Webometrics is concerned with measuring aspects of the web: web sites, web pages, parts of web pages, words in web pages,
hyperlinks, web search engine results. The importance of the web itself as a communication medium and for hosting an increasingly
wide array of documents, from journal articles to holiday brochures, needs no introduction. Given this huge and easily accessible
source of information, there are limitless possibilities for measuring or counting on a huge scale (e.g., the number of web
sites, the number of web pages, the number of blogs) or on a smaller scale (e.g., the number of web sites in Ireland, the
number of web pages in the CNN web site, the number of blogs mentioning Barack Obama before the 2008 presidential campaign).

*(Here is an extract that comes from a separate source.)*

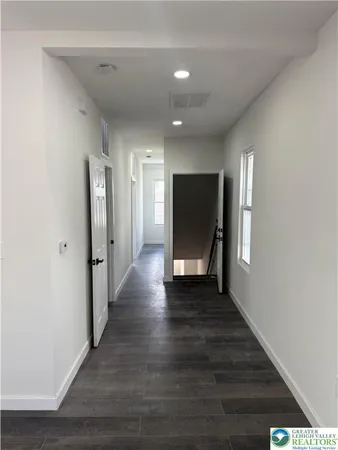 a view of a hallway with wooden floor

This book argues that it can be useful for social scientists to measure aspects of the web and explains how this can be achieved
on both a small and large scale. The book is intended for social scientists with research topics that are wholly or partly
online (e.g., social networks, news, political communication) and social scientists with offline research topics with an online
reflection, even if this is not a core component (e.g., diaspora communities, consumer culture, linguistic change). The book
is also intended for library and information science students in the belief that the knowledge and techniques described will
be useful for them to guide and aid other social scientists in their research. In addition, the techniques and issues are
all directly relevant to library and information science research problems.